Gall extends the view from syndicalism to ‘radical’ labour unionism evaluating the limits and potential of such radical movements with analytical and historical comparisons with more moderate forms of trade unionism.

Do these essays help provide answers to Darlingtons dilemmas? Well up to a point. Firstly how much influence did the syndicalists have? Well just here in Britain, as Gordon points out, considering it was such a short flowering, the syndicalist movement “bequeathed the Communist Party of Great Britain its first leadership generations, its most symbolic contribution is said to have been to have driven Sidney and Beatrice Webb to draft the now defunct Clause IV of the Labour party’s constitution in November 1917 as an antidote to pre war syndicalism.”

I have always been a supporter of that Clause IV:

“To secure for the workers by hand or by brain the full fruits of their industry and the most equitable distribution thereof that may be possible upon the basis of the common ownership of the means of production, distribution and exchange, and the best obtainable system of popular administration and control of each industry or service.”

I suppose it does have the sound of the Old Testament about it but is none the worse for that as it is quite beautiful language. It is understandable why it created so much affection in the supporters of the ‘Old’ Labour Party. Sadly there was no attempt by Old Labour (and most certainly not by New Labour which struck it from the constitution) to make any meaningful attempt to fulfill the terms of this commitment. There was precious little support for workers control or even for the tame British Co-operative movement. So the fact they had at least had to pay lip service to these ideas is interesting.

The other legacy of the syndicalist movement was the pressure for trade union amalgamations and federations. The formation of the National Union of Railwaymen, The National Union of Miners and the Transport and General Workers Union began this process. Attempts to form the One Big Union have certainly continued but have sadly been in more recent years pursued from a position of weakness rather than strength.

Syndicalists have in some ways been less compromised by the potential for trade unions to be absorbed into the state than by the social democratic trade unions. Here in the UK the complete cul de sac of social democratic politics has been confirmed by the last Labour Government. Indeed the recent evidence shows that unions like the RMT, which is easily the most militant, is that it is also the fastest growing. Expelled from membership of the Labour Party for supporting candidates from other parties it has returned to the basics of fighting with and for its members in the process making it feared by government whichever party is in office.

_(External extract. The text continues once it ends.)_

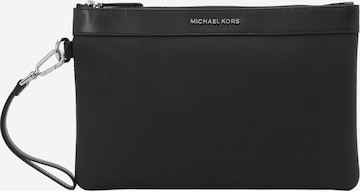 Michael Kors Kotelo värissä musta: etupuoli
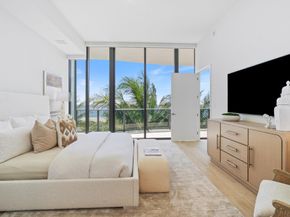 900 N Ocean Blvd 301, Pompano Beach FL 33062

There is no doubt, that whilst not the case everywhere, in the UK, despite its small size the Communist Party squeezed out any space to the left of Labour for alternative viewpoints. Many of the leadings syndicalist thinkers and activists and their organisations ended up being absorbed into the Communist Party. On the collapse of the Soviet Union that space on the left was, at least initially, occupied by other well organised tendencies in the communist movement mainly Trotskyists but widespread disillusion with their style of doing politics coupled with a revulsion of parliamentary democracy and a revival in co-operative and green thinking does now, I believe, create fresh space for alternative ideas.

There is no doubt that now is the time for a syndicalist revival. Let us hope that the continued historical re-evaluation of the syndicalist experience contributes to that process.

Monday 21 February 2011

Firefighters and the Blitz

Firefighters and the Blitz
By Francis Becket
With an introduction by, Matt Wrack, General Secretary of the Fore Brigades Union.
Published by Merlin Press, 2010, ISBN 978-0-85036-673-0.

The executive council of the Fire Brigades Union are to be congratulated for commissioning this short popular, well illustrated, seventieth memorial to the over one thousand firefighters who died and the many thousands who where injured in the Blitz. There is considerable revisionism in current historical thinking about the home front in the war to which this book adds another chapter.

It is a familiar story of amateurism and class privilege being replaced by professionalism and a structure fit for the huge tasks the war presented, with a great deal of heroism in between. It is astonishing how poorly prepared the service was for war, considering how much of the talk before the war had been about the threat from the air. What’s more it is largely thanks to the FBU that the service evolved into one capable of meeting the challenge.

At the beginning of the war there where 1,600 independent fire brigades each a separate fiefdom run on military lines. Becket says that the Home Office had been thinking about the threat since Hitler came to power in 1933 but it took until 1937 for them to fund fire precautions and improvements in the nations fire fighting services.

Despite the experience from Spain it was not until 1938 that a civilian fire service was formed - the Auxiliary Fire Service. The Fire Brigades Act of 1938, made fire protection compulsory for every local authority in Britain, with the country divided into 11 regions to coordinate resources but there was no extra cash or any reduction in the number of brigades. The biggest the London Fire Brigade had only 106 pumping appliances whilst some of the smallest, controlled by Parish Councils, only had a few part timers and an ancient pump.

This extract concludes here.